Proposal: Add `management.readOnly` permission for read-only access to management API

[oliverdunk]

Some extensions benefit from knowing if specific other extensions are installed, without needing full access to the management API. For example, a content filtering extension may wish to know if another content filtering extension is installed, as having two can cause conflicts which are hard to troubleshoot.

To accommodate this use case, we can add a management.readOnly permission. This would grant access to the get(), getAll() and getPermissionWarningsByManifest() APIs. It would not grant access to other APIs.

The <api_name>.readOnly pattern is something we can consider a design pattern to add to more APIs in the future.

This was discussed previously during TPAC 2025.

[tophf]

1. Conceptually "management" and "read-only" are contradictory, so maybe query would be a better modifier.

2. There's a a lot of info returned by get() methods currently, but for the use case of conflict checking maybe a simpler new method would make more sense e.g. management.query({permissions: ['contentSettings']}) that returns a list of objects with a subset of props like {id, name, enabled, mayDisable, mayEnable}, additionally it may be designed to omit disabled extensions altogether.

[oliverdunk]

• Conceptually "management" and "read-only" are contradictory, so maybe query would be a better modifier.

I don't necessarily agree with this. Part of "managing" things might be querying data. query doesn't really work for getPermissionWarningsByManifest(), and I think there is also value in using a name that we can easily copy to other API namespaces.

2. There's a a lot of info returned by get() methods currently, but for the use case of conflict checking maybe a simpler new method would make more sense

Could you clarify the benefit of this? It seems like the main difference is being able to filter by permission, which is something we could add to the existing API if we saw value. That said, I don't think the amount of data returned is a big concern, so I'm not sure we really benefit much from adding a new method for this.

[tophf]

Part of "managing" things might be querying data

You're using query, which seemingly validates my suggestion.

query doesn't really work for getPermissionWarningsByManifest()

Why? It's still querying.

there is also value in using a name that we can easily copy to other API namespaces.

Yeah that alone seems to outweigh my linguistic nitpicking.

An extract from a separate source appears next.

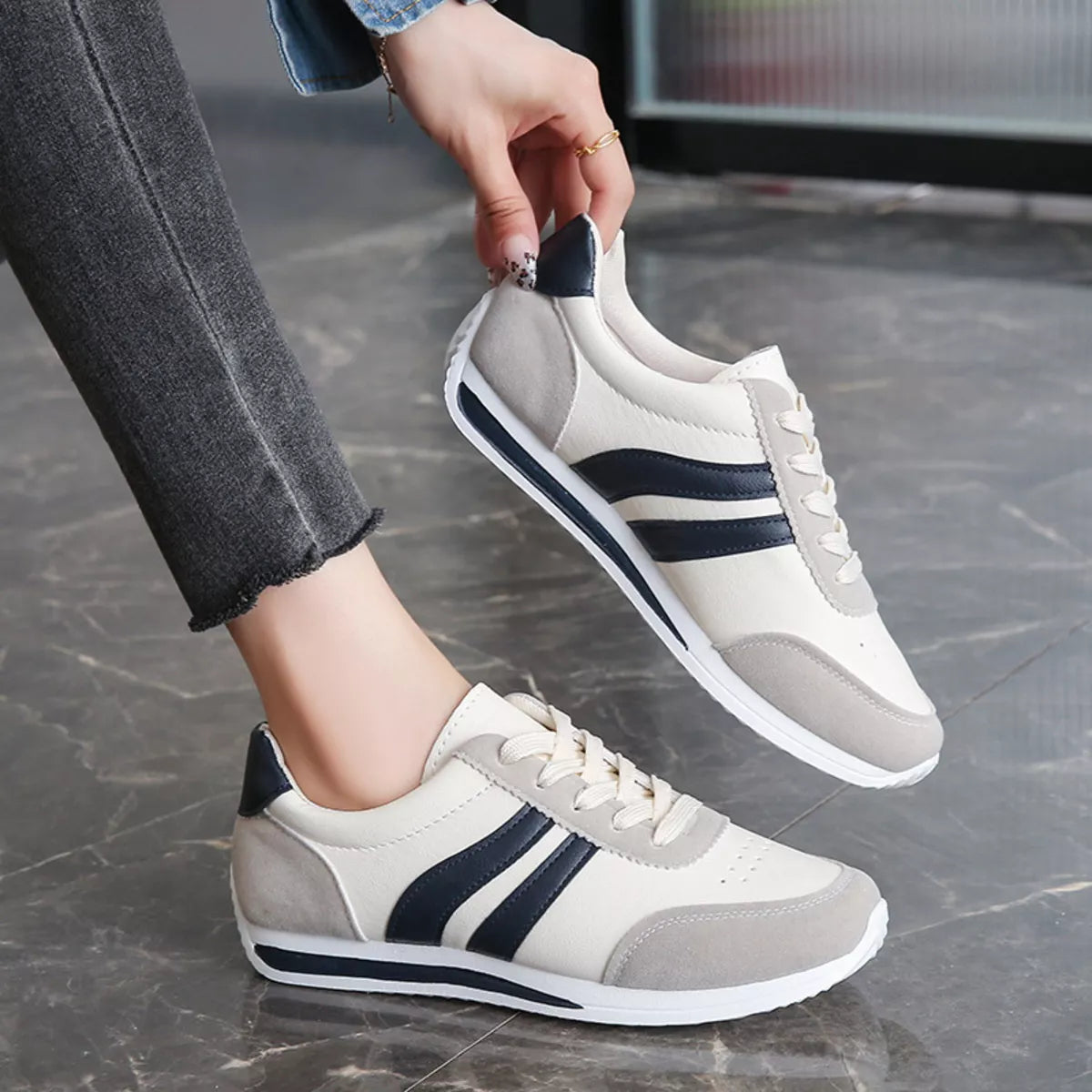 Women’s round toe lace-up sneakers from Trendsi featuring a classic design with white fabric and rubber sole.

I don't think the amount of data returned is a big concern

Try looking at this from a perspective of someone who doesn't necessarily trust your company or browser extensions in general, i.e. a sensible cautious person who doesn't have time to study the code of each thing they install: I'm just not sure users would be comfortable with the necessity of exposing all of their belongings when asked whether they have a driver's license. You would have to phrase the permission's text in such a way that alleviates even a shadow of such concern, provided you're absolutely sure exposing all that info is safe.

[xeenon]

Neutral for Safari since we don't currently support the management APIs.

[sohailrajdev97]

Does this new permission also provide access to events like management.onEnabled or management.onInstalled? For example, an extension might want to track when a conflicting extension is installed or enabled in the future.

[jspivack]

This would defintively be helpful for us from a UI conflict prevention standpoint as well-- at times we have to jump through hoops to guess whether a conflicting extension is running on a page and then try to reposition our interfaces accordingly.

Is there somewhere else we could move this API that would be more privacy-focused? E.g. to query which extensions are running content scripts on a given tab?